La migration est probablement le « défi majeur » de l’Europe, aujourd’hui et dans les années qui viennent, comme le reconnaît Emmanuel Macron dans son discours de la Sorbonne de septembre 2017. On peut noter, par ailleurs, que la gestion de ce défi est à présent inadéquate : si 285.000 migrants ont été sauvés par des opérations coordonnées par l’Union européenne, 3.139 sont morts en 2017 ; en outre, l’état des droits des migrants dans l’Union et, surtout, dans les pays partenaires, reste problématique.
Le « souverainisme de repli » n’assure aucune solution : « l’Europe seule peut, en un mot, assurer une souveraineté réelle » (Macron). Et la souveraineté de l’Europe – conçue comme la « capacité à exister dans le monde actuel pour y défendre nos valeurs et nos intérêts » – ne peut que s’assurer par la « solidarité » entre les Etats membres.
Emmanuel Macron propose deux solutions au défi de la migration, qui paraissent toutefois insuffisantes ou illusoires : la création d’un « espace commun des frontières » vis-à- vis de l’extérieur (I) et une gestion plus efficace de l’asile à l’intérieur de l’Union (II).
I- La maîtrise des frontières : résultats achevés et limites de l’action européenne
Selon Emmanuel Macron, l’Europe devrait d’abord limiter l’immigration irrégulière, en assurant « le retour de ceux qui ne peuvent rester » (A) et en établissant « une police des frontières européennes qui garantisse partout en Europe une gestion rigoureuse des frontières » (B).
A- La politique de réadmission, difficilement compatible avec les valeurs européennes
L’action de l’Union semble correspondre déjà aux préférences du président Macron, dès qu’elle contribue au retour des migrants en position irrégulière par le biais de nombreux accords de réadmission avec des Etats tiers.
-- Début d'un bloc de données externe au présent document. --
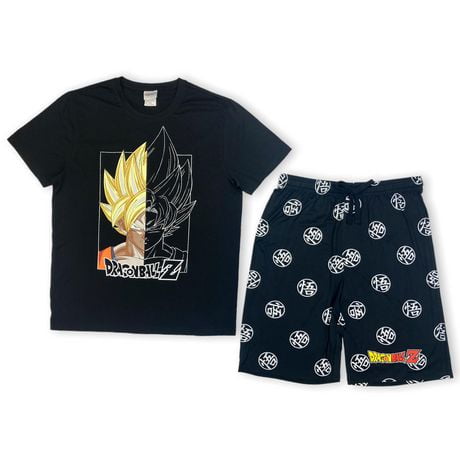 Dragon Ball Z Mens pj set. This pyjama set for men consists of a short sleeve crew neck tee shirt and knee length shorts with elastic waist band and drawstring and, Sizes S to XXL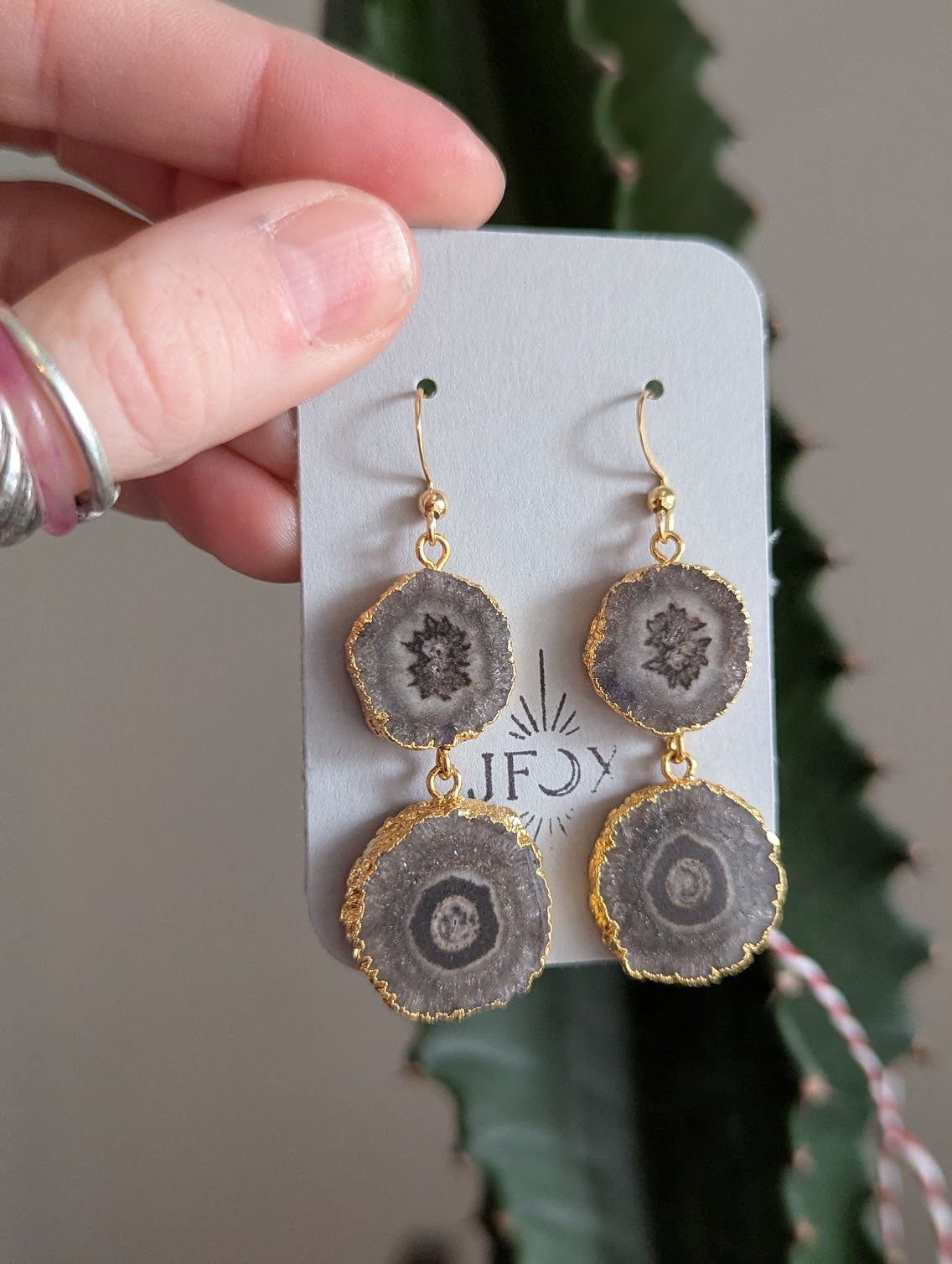 Natural Dark Brown Agate Duo Gold Earrings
L’Union a aussi eu recours à des instruments novateurs, prétendument non contraignants, qui assurent apparemment une réduction des flux migratoires, tels que la « Joint Way Forward » avec l’Afghanistan et la Déclaration UE-Turquie de 2016. L’Union a également fourni une partie des ressources pour la mise en œuvre de l’entente Italie-Libye de 2017.
L’activité de l’Union, bien qu’efficace en termes de réduction des flux migratoires, soulève un problème : qu’en est-il des droits des migrants et des demandeurs d’asile ? « Efficacité » et « humanité » devrait aller ensemble dans la vision d’Emmanuel Macron. Toutefois, si l’on considère que les accords récents visent à prévenir l’émigration envers l’Union et à bloquer les migrants dans des pays tels que la Turquie ou la Libye, il semblerait que l’Union privilégie systématiquement l’efficacité, au détriment de l’humanité.
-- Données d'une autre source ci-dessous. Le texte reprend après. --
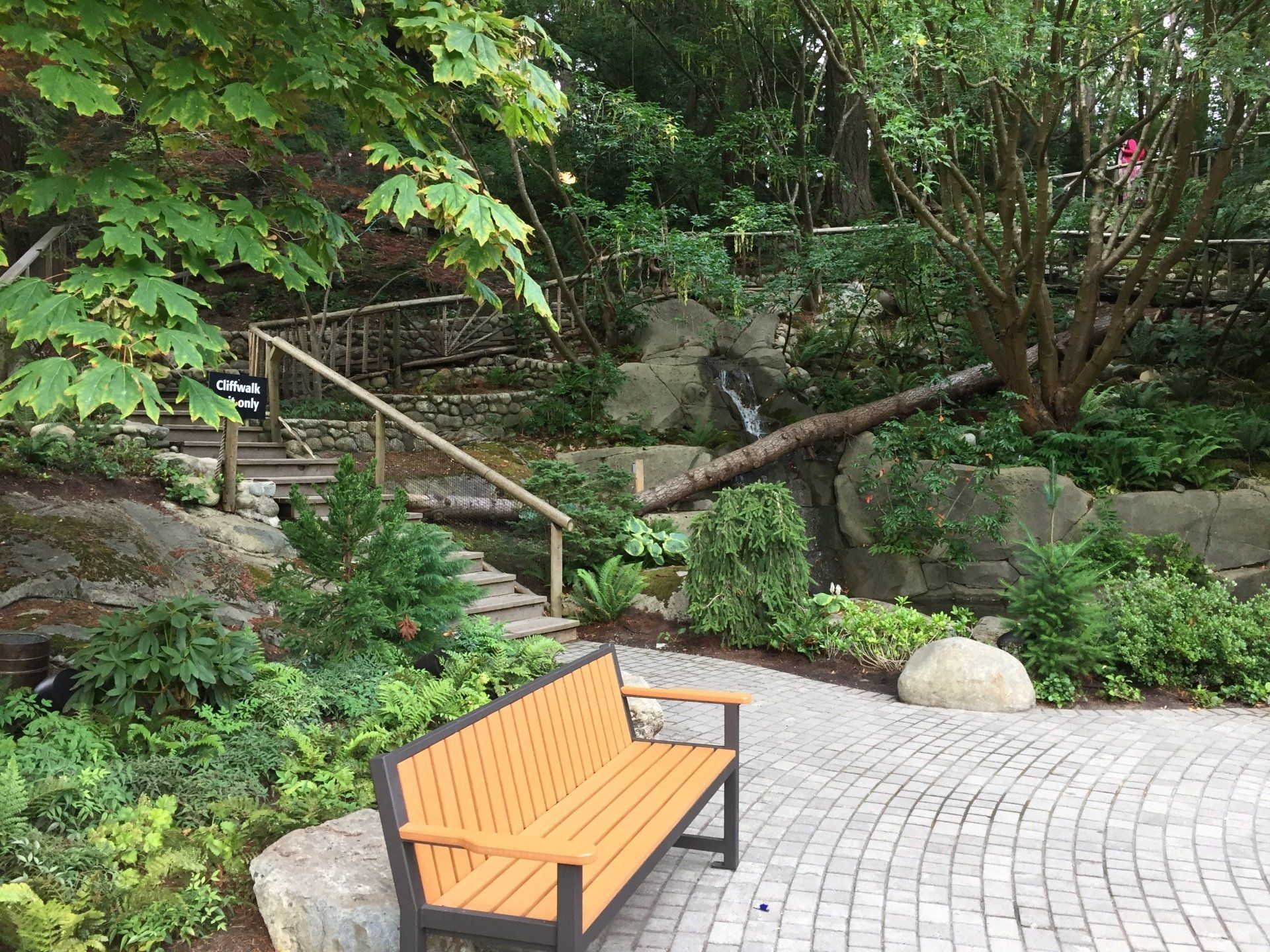 A park bench faces stone steps with a wooden railing, surrounded by lush greenery.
Cela suggère qu’une gestion commune des frontières n’assure pas nécessairement la défense de « nos valeurs » – ce que la « souveraineté » de l’Europe devrait garantir – et pourrait même les contredire.
B- L’inefficacité des contrôles aux frontières : un système non-viable
L’Union a contribué à l’efficacité des contrôles aux frontières européennes, non seulement par le biais d’instruments internationaux, mais aussi à travers des innovations institutionnelles, comme l’établissement de l’agence Frontex, c’est-à-dire le noyau de la police des frontières envisagée par Macron. Cette agence a lancé de nombreuses opérations pour aider les Etats « submergés par des arrivées massives » ; dernièrement, l’opération Themis. De plus les soi-disant « hotspots », lancés en 2015, permettent aux agences de l’Union d’offrir leur assistance à la Grèce et à l’Italie dans l’identification des migrants et demandeurs d’asile – au moins en principe.
Dans la pratique, la situation semble être différente. Les Etats membres peuvent être capables de gérer leurs frontières, mais ne pas avoir intérêt à le faire. L’Italie, par exemple, a souvent omis de prendre les empreintes digitales des migrants et demandeurs d’asile pour éviter d’être qualifiée de « pays d’arrivée » au sens du système de Dublin (CECRE, p. 23). L’Italie a ainsi pu se soustraire de facto à l’application du droit de l’Union, qui laisse le « fardeau » de protéger les demandeurs d’asile aux Etats membres aux frontières de l’Union.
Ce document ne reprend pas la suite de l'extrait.